=== Information ===
○ ○ ○ ○

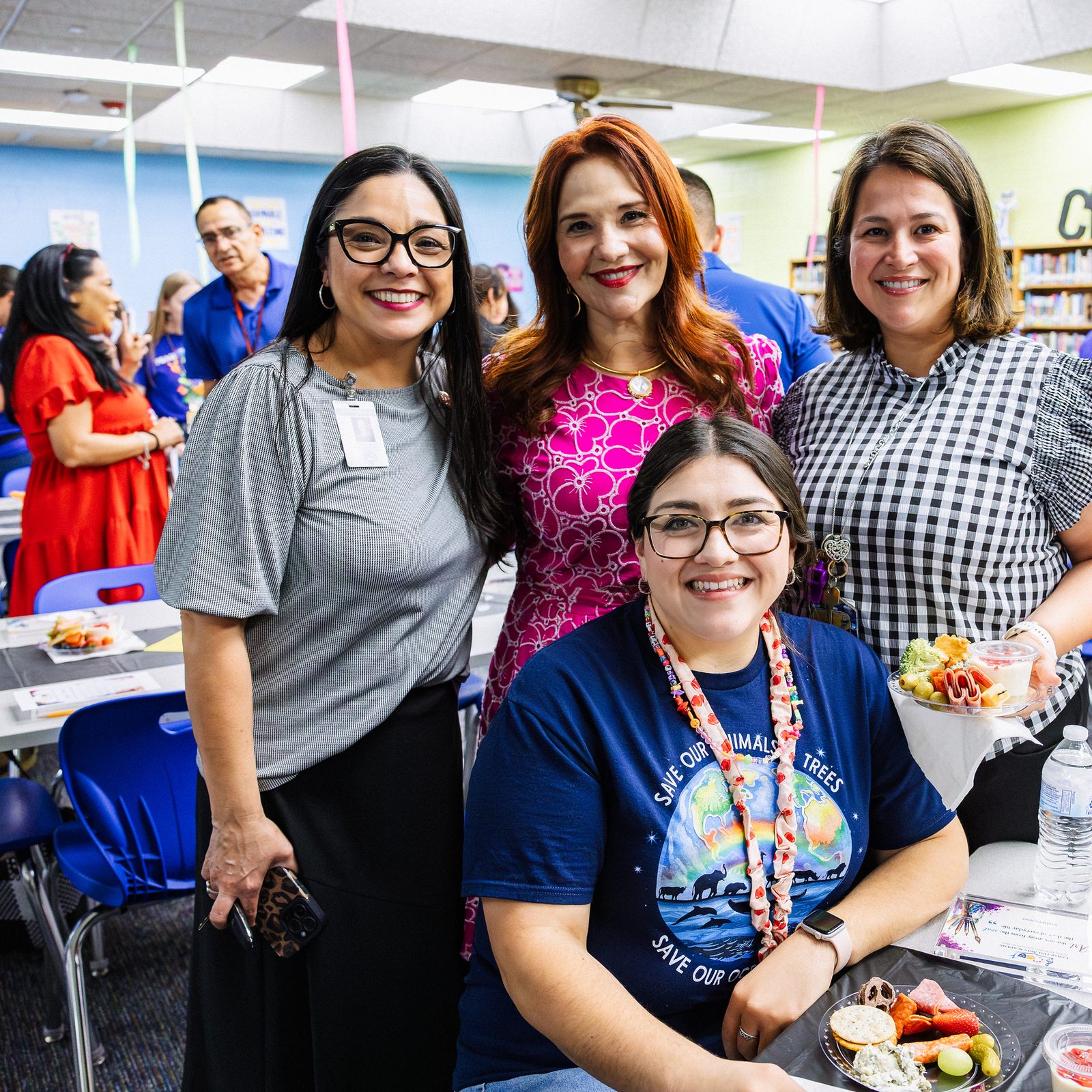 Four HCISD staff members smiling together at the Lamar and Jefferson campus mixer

○ ○ ○ ○

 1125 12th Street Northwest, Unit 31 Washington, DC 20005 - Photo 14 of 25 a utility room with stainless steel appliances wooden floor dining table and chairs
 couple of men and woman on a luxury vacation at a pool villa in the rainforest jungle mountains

○ ○ ○ ○

=== Problem requirements ===
Here the output must be the lines above from the line with "1125 12th Street" to the line with "couple of men", both included, duplicated word for word and nothing else.

=== Output for this exercise ===
 1125 12th Street Northwest, Unit 31 Washington, DC 20005 - Photo 14 of 25 a utility room with stainless steel appliances wooden floor dining table and chairs
 couple of men and woman on a luxury vacation at a pool villa in the rainforest jungle mountains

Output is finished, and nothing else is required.